GPT4o Release !!

Posted May 14, 2024 Updated May 25, 2024

By Fodev Jeong 4 min read

🤯 OpenAI’s new multimodal LLM can understand and generate across text, audio, and vision in real-time.

💬🗣️👀 Here is what we know so far:

Details

OpenAI announced a new GPT-4o model, which performs better than GPT-4, but most importantly, it’s going to be free for all users! 🚀 ⠀
Updated interface and PC application with voice control and screen-sharing capabilities have been introduced 🎤 ⠀
Natively multimodal: for now, text, images, and voice generation are done by ONE model 🗣️ ⠀
Developers are not forgotten either, because there will be API support: 2x faster, 50% cheaper, and 5x higher rate limits API vs. GPT4 💰 ⠀
Voice mode has been greatly improved: now you can interrupt the model generation at any time, instead of waiting until the end. OpenAI also managed to bring speech generation to the real-time level, and most importantly, to make ChatGPT voice really alive! 🎶 ⠀
There is also an interactive mode, where you can simultaneously share the image from your camera and communicate with ChatGPT about it! 💬

Summary
📥 Input: Text, Text + Image, Text + Audio, Text + Video, Audio (based on the examples)
📤Output: Image, Image + Text, Text, Audio (based on the examples)
🌐 88.7% on MMLU; 90.2% on HumanEval
🎧 < 5% WER for Western European languages in transcription
🖼️ 69.1% on MMU; 92.8% on DocVQA
⚡ Up to 50% cheaper (probably due to tokenization improvements) and 2x faster than GPT-4 Turbo
🎤 Near real-time audio with 320ms on average, similar to human conversation
🔡 New tokenizer with a 200k token vocabulary (previously 100k vocabulary) leading to 1.1x - 4.4x fewer tokens needed across 20 languages

Blog: https://openai.com/index/hello-gpt-4o/

The multimodal achievement and latency are impressive. 🔥 But I’m not worried about open-source AI. Open Source is stronger than ever and equally good for enterprises and companies use cases where you don’t need a 200ms latency with voice input. ✅

Translate to Korean

🤯 OpenAI 의 새로운 멀티모달 LLM은 텍스트, 오디오, 비전을 실시간으로 이해하고 생성할 수 있습니다.

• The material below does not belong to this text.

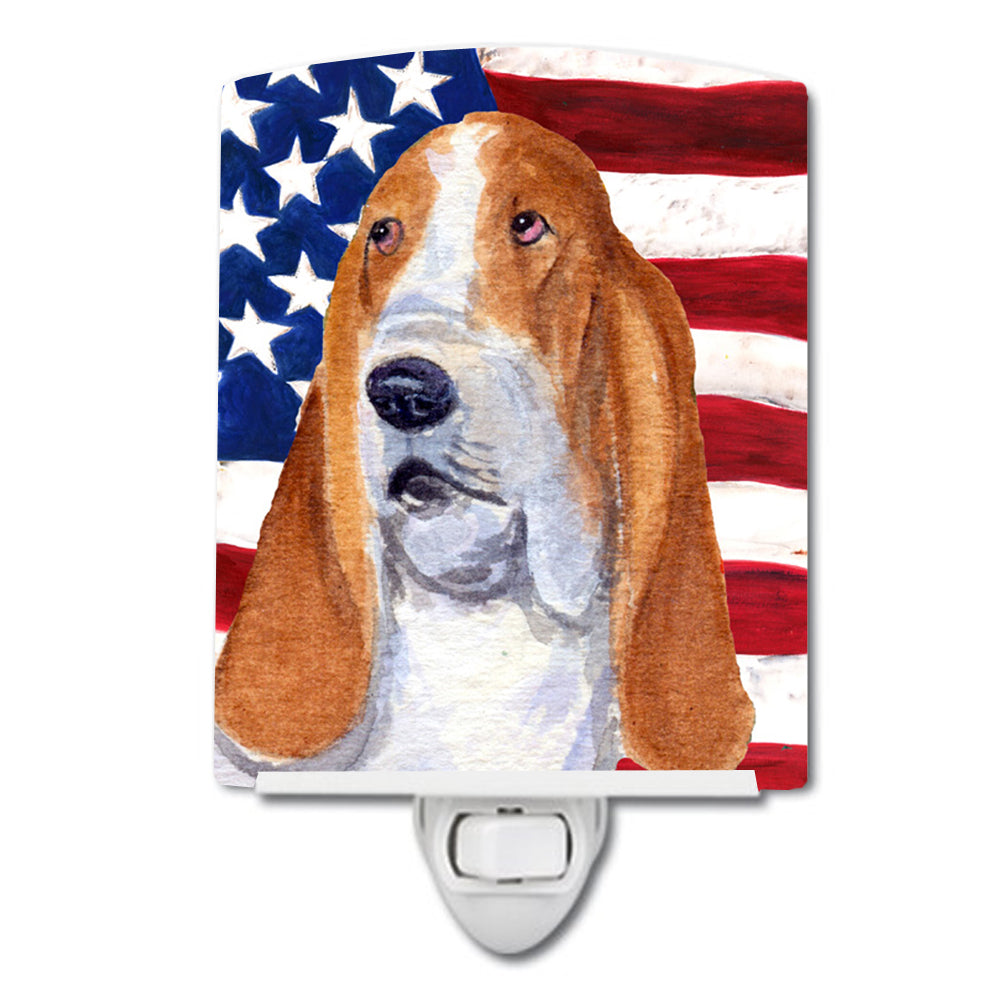 USA American Flag with Basset Hound Ceramic Night Light SS4013CNL - the-store.com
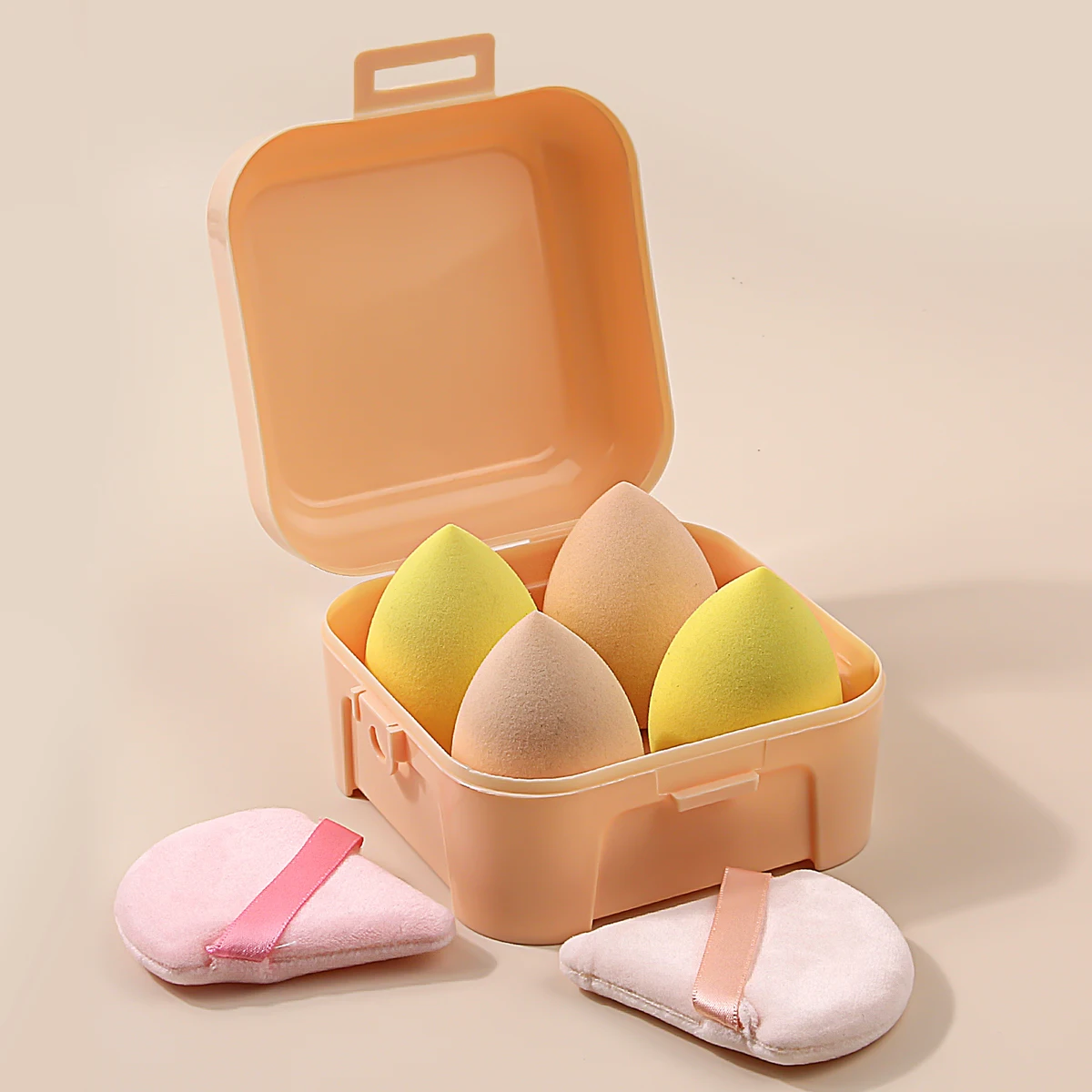 6PCS Portable boxed makeup sponge egg triangular powder puff, a soft dry and wet dual-purpose facial makeup tool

💬🗣️👀 지금까지 우리가 알고 있는 것은 다음과 같습니다.

자세히

OpenAI는 GPT-4보다 성능이 뛰어난 새로운 GPT-4o 모델을 발표했지만 가장 중요한 것은 모든 사용자에게 무료로 제공된다는 것입니다! 🚀 ⠀
음성 제어 및 화면 공유 기능이 있는 업데이트된 인터페이스 및 PC 응용 프로그램이 도입🎤되었습니다 ⠀
기본적으로 멀티모달: 현재 텍스트, 이미지 및 음성 생성은 하나의 모델🗣️로 수행됩니다. ⠀
GPT4💰에 비해 2배 더 빠르고, 50% 더 저렴하고, 5배 더 높은 속도 제한 API를 지원하기 때문에 개발자도 잊지 않습니다 ⠀
음성 모드가 크게 개선되어 이제 모델 생성이 끝날 때까지 기다리지 않고 언제든지 모델 생성을 중단할 수 있습니다. OpenAI는 또한 음성 생성을 실시간 수준으로 끌어올렸으며 가장 중요한 것은 ChatGPT 음성을 실제로 생생하게 만드는 것입니다! 🎶 ⠀
카메라의 이미지를 동시에 공유하고 ChatGPT와 소통할 수 있는 대화형 모드도 있습니다! 💬 ⠀

요약
📥 입력: 텍스트, 텍스트 + 이미지, 텍스트 + 오디오, 텍스트 + 비디오, 오디오(예제 기반)
📤출력: 이미지, 이미지 + 텍스트, 텍스트, 오디오(예제 기반)
🌐 MMLU에서 88.7%; HumanEval에서 90.2%
🎧< 5% WER for Western European languages in transcription
🖼️ 69.1% on MMU; 92.8% on DocVQA
⚡ Up to 50% cheaper (probably due to tokenization improvements) and 2x faster than GPT-4 Turbo
🎤 Near real-time audio with 320ms on average, similar to human conversation
🔡 New tokenizer with a 200k token vocabulary (previously 100k vocabulary) leading to 1.1x - 4.4x fewer tokens needed across 20 languages

Blog: https://openai.com/index/hello-gpt-4o/

Script, GPT4o

GPT4o LLM

This post is licensed under CC BY 4.0 by the author.